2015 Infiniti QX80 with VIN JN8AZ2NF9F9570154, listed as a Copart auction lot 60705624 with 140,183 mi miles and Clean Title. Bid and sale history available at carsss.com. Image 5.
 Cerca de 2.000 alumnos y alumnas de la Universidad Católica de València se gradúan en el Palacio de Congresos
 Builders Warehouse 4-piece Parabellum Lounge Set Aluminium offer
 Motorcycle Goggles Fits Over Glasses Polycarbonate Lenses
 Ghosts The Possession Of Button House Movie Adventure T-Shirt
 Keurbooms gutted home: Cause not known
_ _ _
-- Exercise requirements --
Print exactly the line containing "Cerca de 2.000" and every line after it through the end of the records above, and nothing else.

-- Result of the task --
 Cerca de 2.000 alumnos y alumnas de la Universidad Católica de València se gradúan en el Palacio de Congresos
 Builders Warehouse 4-piece Parabellum Lounge Set Aluminium offer
 Motorcycle Goggles Fits Over Glasses Polycarbonate Lenses
 Ghosts The Possession Of Button House Movie Adventure T-Shirt
 Keurbooms gutted home: Cause not known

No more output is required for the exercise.